The famous confrontation at the University of Salamanca in 1936 by Miguel de Unamuno with the Francoists resounds in history: “You will win, but you will not convince.” Is this all that we can say to triumphant global capitalism or to jubilant fundamentalism? Is the world and its foundations shifting?

Ultimately, do we only believe that we believe or are we only imagining that we believe in ourselves? It also could be that we only imagine we do not really believe. Everything depends on how one believes in one’s belief. There were millions of people who believed in communist utopia. Communism failed. Disappointed by twentieth-century Communism, communists are ready to “begin from the beginning” and reinvent it on a new basis.
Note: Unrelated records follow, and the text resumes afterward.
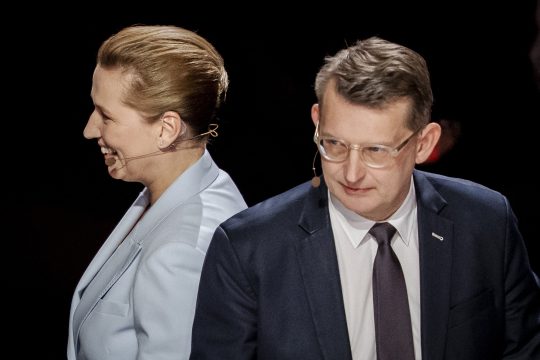 Mette Frederiksen und ihr Herausforderer Troels Lund Poulsen wenden einander den Rücken zu
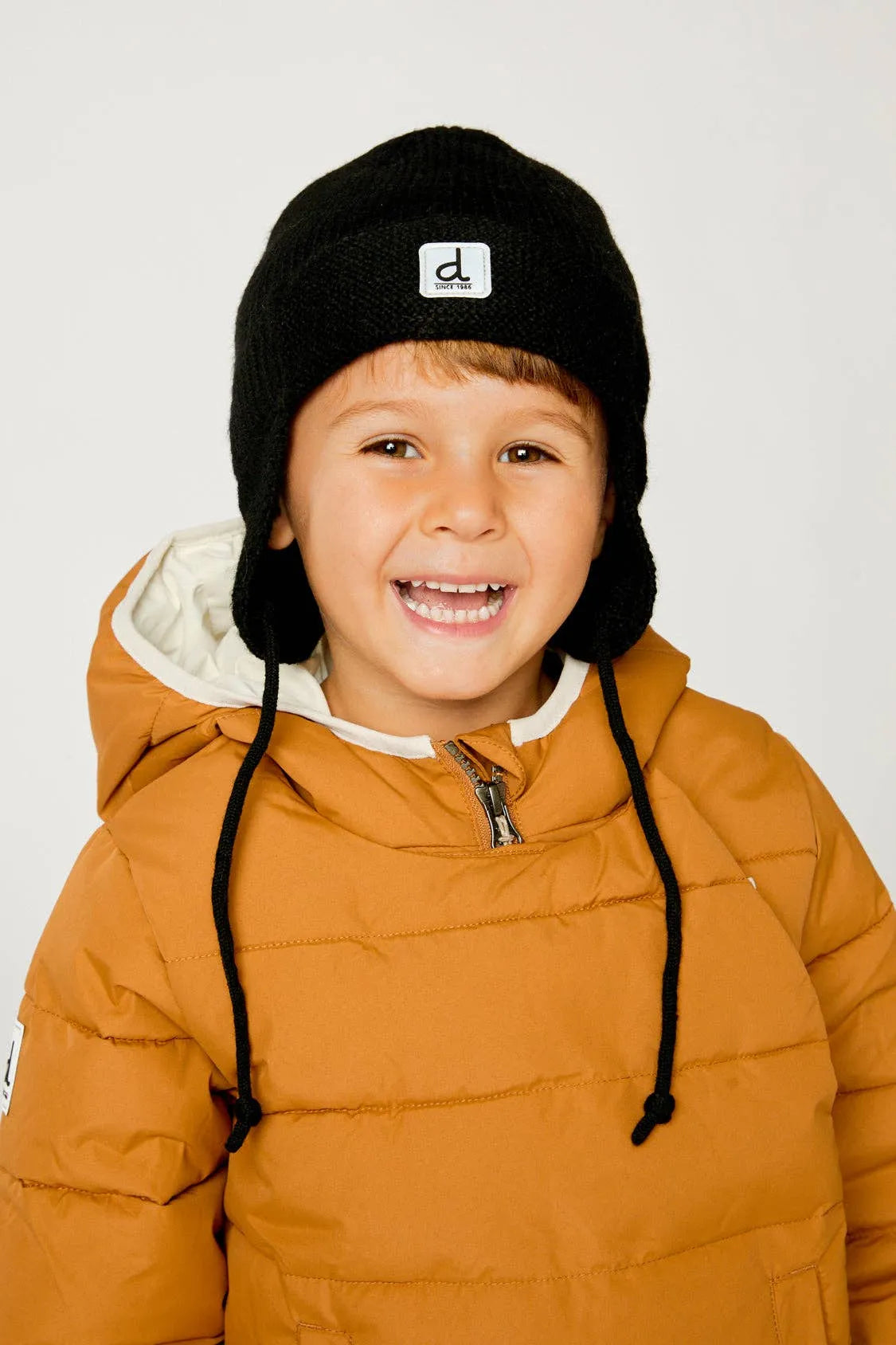 Child wearing the Black knit winter hat with its ear flaps and ties visible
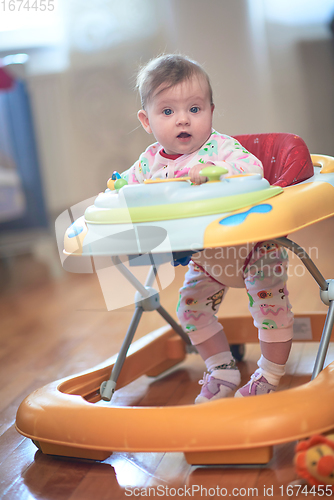 Image of baby learning to walk in walker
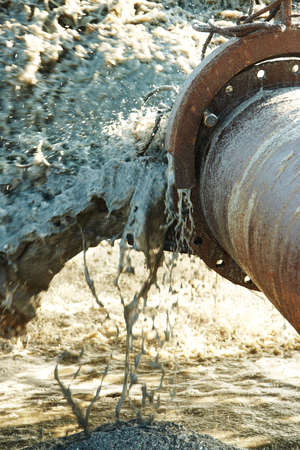 Pollution in the pipelines. Pipeline with polluted liquid gushing out of the pipe.の写真素材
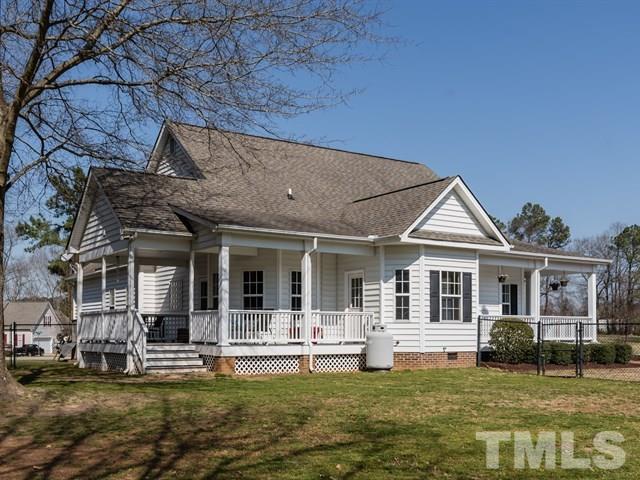 1232 Jogging Court Raleigh, NC 27603 - Photo 22 of 25 a front view of a house with a garden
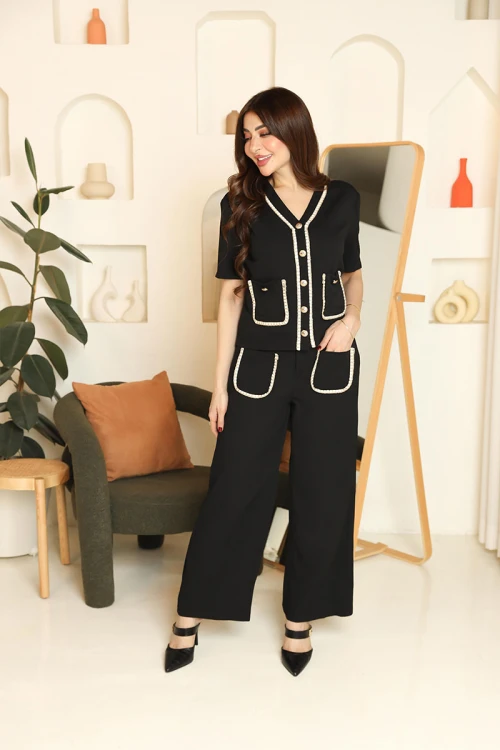 طقم نسائي قطعتين لون أسود مزين بحواف باللون البيج بلوزة بياقة قصة سبعة و أزرار من الأمام و أكمام قصيرة مع بنطلون طويل بجيوب من الأمام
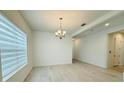 Bright dining room featuring a modern chandelier and horizontal blinds at 13193 Tollcross Way, Winter Garden, FL 34787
Decried by enemies as dangerous utopians, they are the only people who have really awakened from the utopian dream which holds most of them under its sway.
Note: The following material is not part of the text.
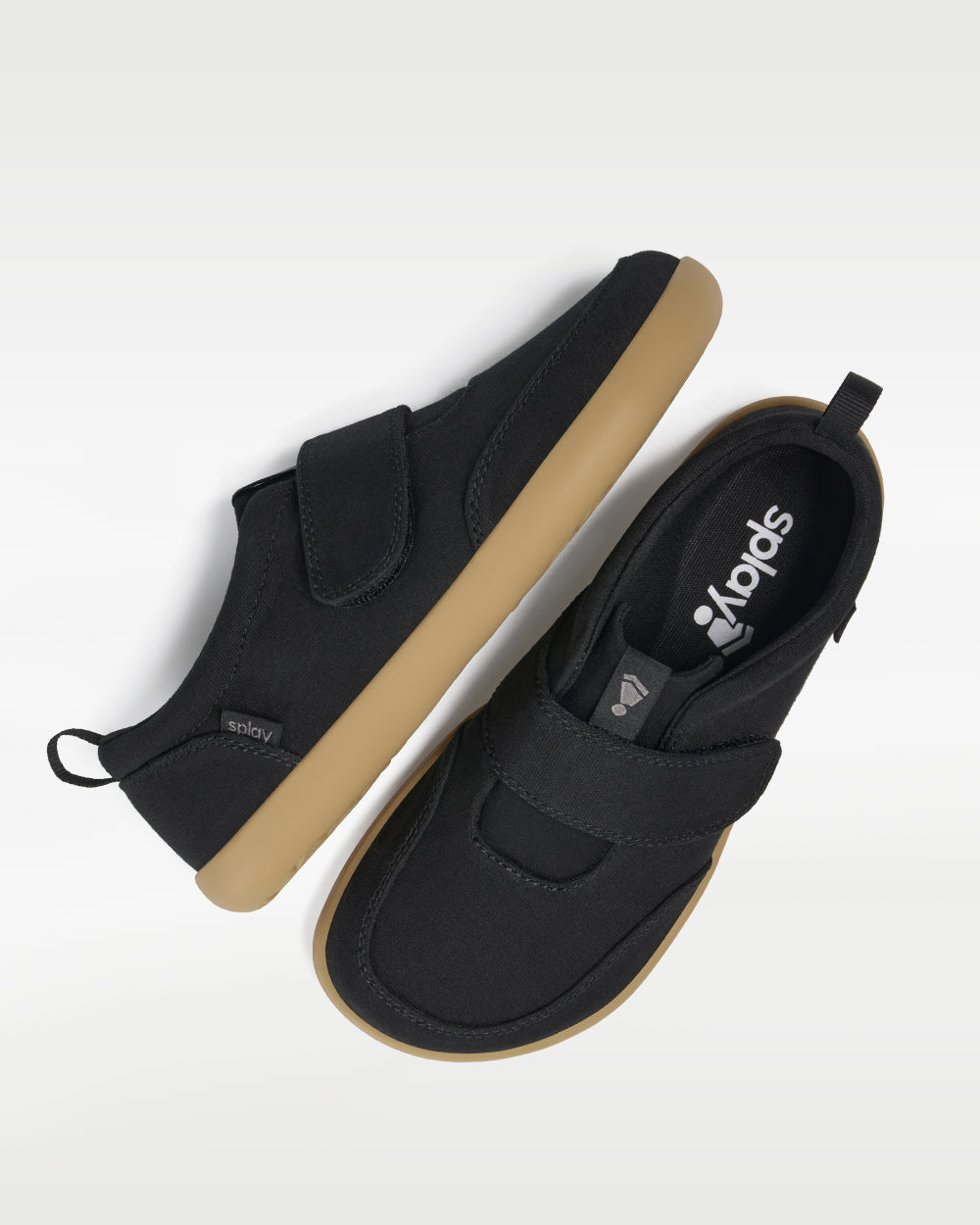 Splay Explore Kids Shale barefoot shoes — kids' low-top shoe with a hook-and-loop strap, pair shot from above, one shoe tipped up to show the insole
There is only one correct answer to those Leftist intellectuals who desperately await the arrival of a new revolutionary agent capable of instigating the long-expected radical social transformation. It takes the form of the old saying “We are the ones we have been waiting for.” This is a version of Gandhi’s motto: “Be yourself the change you want to see in the world.” Waiting for someone else to do the job for us is a way of rationalizing our inactivity, our indolence. But the trap to be avoided here is that of perverse self-instrumentalization: “we are the ones we have been waiting for” does not mean we have to discover how it is we are the agent predestined by fate to perform the task. It means quite the opposite, namely that there is no big Other to rely on. Then which way will history turn? Is it matter of chance? If universal suffrage by secret ballot, namely, parliamentary democracy, is the dictatorship of the bourgeoisie, the introduction of lottery should be deemed the dictatorship of the proletariat. Is the train of history which, left to its own course, leading to a catastrophe? Will an act of divine involvement would then mean pulling the emergency cord on the train of Historical Progress to be on our side? In other words, one has to learn fully to accept that there is no big Other – or, as Badiou succinctly puts it: “In fact, the entire age of Communism was a period where the conviction that it was possible to take rightful political decisions existed; we were, at that moment, driven by the meaning of history…. Then the death of Communism becomes the second death of God but in the territory of history.”
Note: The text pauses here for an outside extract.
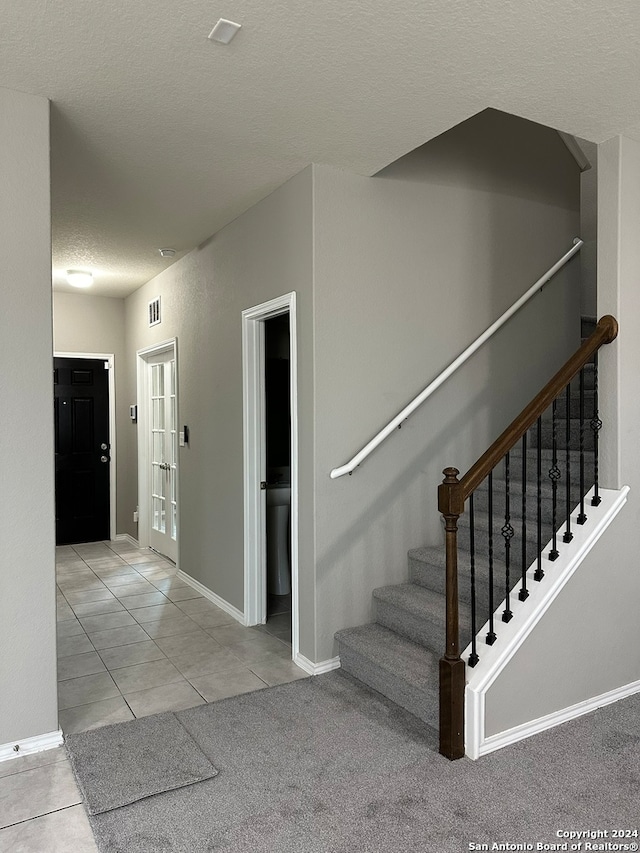 stairs featuring a textured ceiling and carpet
According to him, with the first death of God, the identity of meaning and truth ended. And with the second death meaning of history become dead. There is no trans-historical meaning or direction. History has a meaning which is the history of human emancipation by way of the proletariat. Today we can no longer believe in one of the absolute tenets of the inevitability of progress. The change from an inferior form of society to a superior form will not necessarily take place. A society of freedom have been promised by no one outside but from an interior call. If we are discouraged, and asks: “Why bother, then?” such pessimism and fatality is spurned by the interiority of our existence. Every human action, compared with God’s grace, is strictly relative. Human action must be carried out, however, not for the sake of its absolute success but because we express love in this relative context. The real appropriation of the human essence by and for man and the complete return of man to himself as a human being with a potential to create history. As Marx rightly says “a total loss of humanity and which can only redeem itself by a total redemption of humanity.” There are so many who place man’s salvation in the embrace of collective humanity. They seem to want people to succeed by joining in the madding crowd. Is there a faith in humanity existing and vibrant in the present world? How strongly does one believe in one’s belief? Belief has to invent anew to make entry to history and not repeat tradition in a lazy manner. Traditions once called into being were first called useful, then they become necessary, finally are made idols; all must bow down to them or be punished. There are many who reach the top of the ladder and discover that they are on the wrong wall.